December 16, 2008 Roger Moore

Roger Moore

(PhysOrg.com) -- A University of Alberta researcher has learned that the Large Hadron Collider's experiments to duplicate the Big Bang and the origins of the universe will get going again in late July.

Roger Moore, of the U of A's Centre for Particle Physics and a member of the collider's science team based in Switzerland, received an internal report last week with the good news. Moore and three other U of A researchers involved with the collider have been on hold since the fall when a malfunction shut it down just before the collider was to send protons crashing together at near the speed of light. The repairs have been made but Moore says waiting for the day when the secrets of the universe could be revealed is frustrating.

"It's kind of like waiting for Christmas, only to wake up and find it's been postponed for six months," he said. But Moore knows the collider is a complicated device. "The problem is it's so big; it's a 27 kilometre-long circular tube." said Moore. "It's not like starting your car in the morning."

The original delay played havoc with Moore's schedule. He's trying to co-ordinate his university teaching duties with working visits to the collider. Moore and his U of A particle physics colleagues, Jim Pinfold, Doug Gingrich and Bryan Caron, were involved in the initial design of the collider and will help process reams of information that will come from the experiments. Moore is keen to get back to Switzerland. "We've all been responsible for various bits of the detector but what we really want now is to see some data," he said.

Right now Moore isn't sure if he'll be at the collider on the big day in July. "It depends when our shifts are scheduled; there's no set date like last time."

But Moore is keeping an eagle eye out for an announcement. "If it turns out there is a specific date then I'll do my best to be out there when it turns on." And Moore knows the rest of the U of A team wants to be in Switzerland too. For a physicist it's a once-in-a-lifetime opportunity.

For centuries scientists have been looking into the night sky and wondering how the universe was created. The hundreds of researchers involved with the Large Hadron Collider believe the universe started with a huge burst of energy. By crashing protons together, Moore is hoping to get as close as possible to recreating that moment. "We're trying to push back our understanding of the universe to less than a tenth of a millionth of a millionth of a second after the Big Bang," he said.
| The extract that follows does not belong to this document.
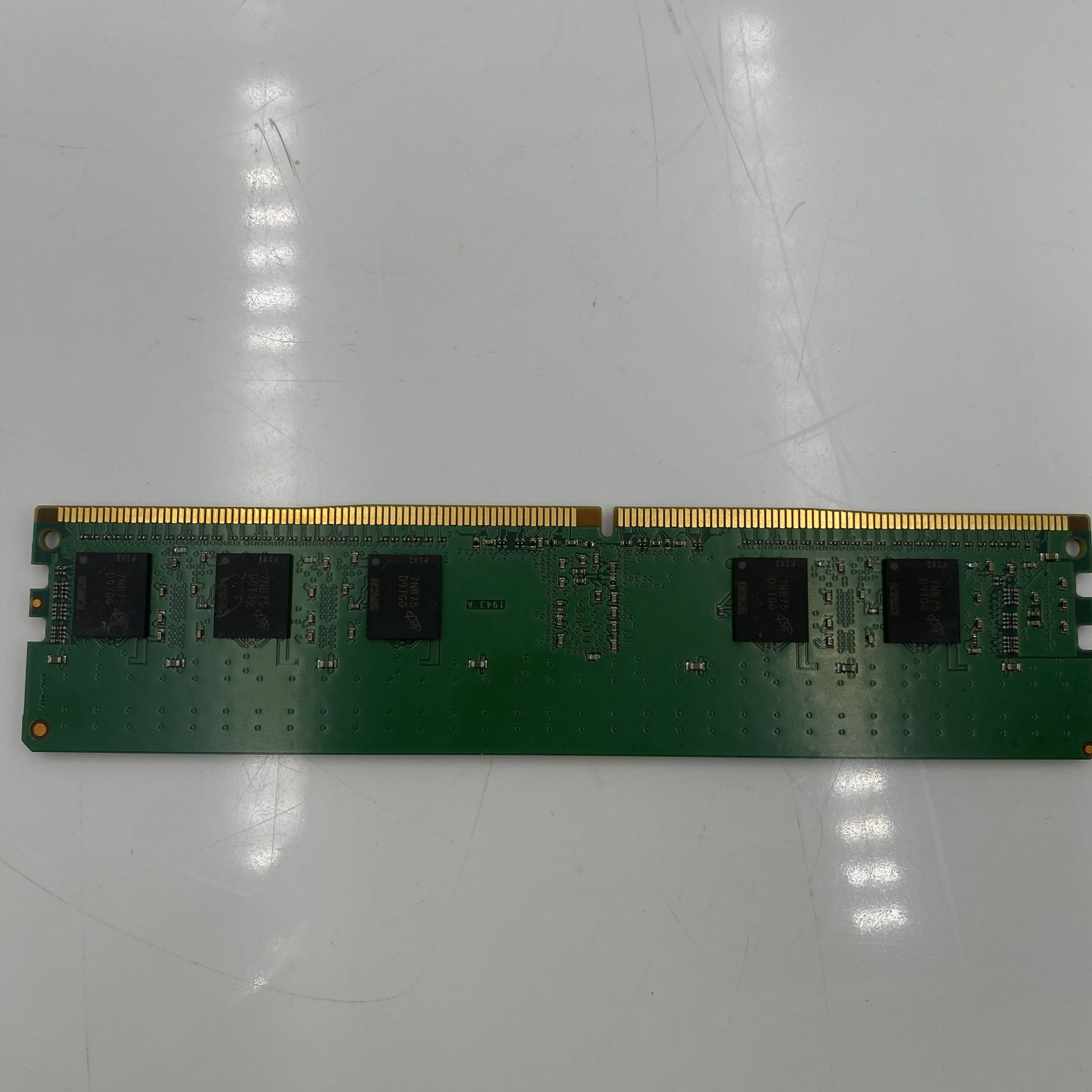 MICRON 4GB (1x4GB) 1RX8 PC4-19200T-R DDR4-2400MHZ RDIMM - Image 3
If Moore can't be there on the day the collider is fired up he'll still be close to the action without leaving the U of A campus. Moore will be supervising students who will collect information fed from the collider on a cluster of computers. "We would hope to analyze the data within a matter of hours from the actual proton collisions."
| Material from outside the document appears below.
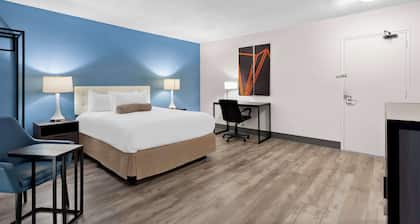 SureStay Plus by Best Western Windsor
As July approaches one thing Moore isn't looking forward to is more talk about accidental black holes and the end of life on Earth. Some people believe the high-speed collision of subatomic material in the collider will trigger the entire planet to collapse in on itself. But Moore's assurances are ready.

"You won't see stars and planets disappearing from the sky," he said. "You can explain that until you're blue in the face but some people won't believe you."

If the Big Bang is successfully recreated, Moore hopes data from the experiment will cause existing particle physics theories to be re-examined. Moore looks forward to learning more about scientifically uncharted worlds like dark matter and the nature of mass because he says civilization needs discoveries on this scale to move forward.

"We started out thinking everything revolved around the Earth and then we learned no, we revolve around the sun," and that realization led to accepting the fact that even our galaxy is just one of millions. Moore says breaking new frontiers in physics is exciting but sobering. "Science at this level seems to make ourselves seem less and less significant in the universe."